## TASK TO CARRY OUT
Every entry is to be set down a second time, precisely as written.

## DATA EXTRACTS
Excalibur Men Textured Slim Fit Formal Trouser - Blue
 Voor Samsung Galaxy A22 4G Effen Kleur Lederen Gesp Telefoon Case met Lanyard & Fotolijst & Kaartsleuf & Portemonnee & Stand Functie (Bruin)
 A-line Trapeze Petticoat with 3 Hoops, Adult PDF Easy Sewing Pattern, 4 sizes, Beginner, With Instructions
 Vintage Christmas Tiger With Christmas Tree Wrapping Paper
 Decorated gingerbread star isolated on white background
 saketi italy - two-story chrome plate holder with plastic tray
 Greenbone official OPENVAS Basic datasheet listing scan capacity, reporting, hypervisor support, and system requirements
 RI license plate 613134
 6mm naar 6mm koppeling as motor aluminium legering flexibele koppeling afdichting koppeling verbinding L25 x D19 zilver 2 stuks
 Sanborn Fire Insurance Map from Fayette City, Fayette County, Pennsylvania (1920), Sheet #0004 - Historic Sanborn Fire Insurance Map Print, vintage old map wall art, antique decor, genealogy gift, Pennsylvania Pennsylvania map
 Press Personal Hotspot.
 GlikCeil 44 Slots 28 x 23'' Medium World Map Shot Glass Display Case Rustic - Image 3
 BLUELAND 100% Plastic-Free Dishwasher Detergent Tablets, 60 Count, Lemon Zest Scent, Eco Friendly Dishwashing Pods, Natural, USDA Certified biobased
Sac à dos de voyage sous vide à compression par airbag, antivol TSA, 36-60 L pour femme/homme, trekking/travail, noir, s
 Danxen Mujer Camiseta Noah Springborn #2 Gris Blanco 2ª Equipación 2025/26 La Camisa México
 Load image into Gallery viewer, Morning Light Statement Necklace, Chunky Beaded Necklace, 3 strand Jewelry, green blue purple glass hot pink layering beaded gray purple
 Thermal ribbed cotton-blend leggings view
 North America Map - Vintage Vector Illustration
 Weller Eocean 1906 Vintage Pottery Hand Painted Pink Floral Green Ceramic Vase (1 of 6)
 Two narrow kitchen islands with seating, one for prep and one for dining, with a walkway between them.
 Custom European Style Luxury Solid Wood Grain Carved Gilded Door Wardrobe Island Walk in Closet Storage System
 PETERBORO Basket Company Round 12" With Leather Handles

## TASK RESULT
Excalibur Men Textured Slim Fit Formal Trouser - Blue
 Voor Samsung Galaxy A22 4G Effen Kleur Lederen Gesp Telefoon Case met Lanyard & Fotolijst & Kaartsleuf & Portemonnee & Stand Functie (Bruin)
 A-line Trapeze Petticoat with 3 Hoops, Adult PDF Easy Sewing Pattern, 4 sizes, Beginner, With Instructions
 Vintage Christmas Tiger With Christmas Tree Wrapping Paper
 Decorated gingerbread star isolated on white background
 saketi italy - two-story chrome plate holder with plastic tray
 Greenbone official OPENVAS Basic datasheet listing scan capacity, reporting, hypervisor support, and system requirements
 RI license plate 613134
 6mm naar 6mm koppeling as motor aluminium legering flexibele koppeling afdichting koppeling verbinding L25 x D19 zilver 2 stuks
 Sanborn Fire Insurance Map from Fayette City, Fayette County, Pennsylvania (1920), Sheet #0004 - Historic Sanborn Fire Insurance Map Print, vintage old map wall art, antique decor, genealogy gift, Pennsylvania Pennsylvania map
 Press Personal Hotspot.
 GlikCeil 44 Slots 28 x 23'' Medium World Map Shot Glass Display Case Rustic - Image 3
 BLUELAND 100% Plastic-Free Dishwasher Detergent Tablets, 60 Count, Lemon Zest Scent, Eco Friendly Dishwashing Pods, Natural, USDA Certified biobased
Sac à dos de voyage sous vide à compression par airbag, antivol TSA, 36-60 L pour femme/homme, trekking/travail, noir, s
 Danxen Mujer Camiseta Noah Springborn #2 Gris Blanco 2ª Equipación 2025/26 La Camisa México
 Load image into Gallery viewer, Morning Light Statement Necklace, Chunky Beaded Necklace, 3 strand Jewelry, green blue purple glass hot pink layering beaded gray purple
 Thermal ribbed cotton-blend leggings view
 North America Map - Vintage Vector Illustration
 Weller Eocean 1906 Vintage Pottery Hand Painted Pink Floral Green Ceramic Vase (1 of 6)
 Two narrow kitchen islands with seating, one for prep and one for dining, with a walkway between them.
 Custom European Style Luxury Solid Wood Grain Carved Gilded Door Wardrobe Island Walk in Closet Storage System
 PETERBORO Basket Company Round 12" With Leather Handles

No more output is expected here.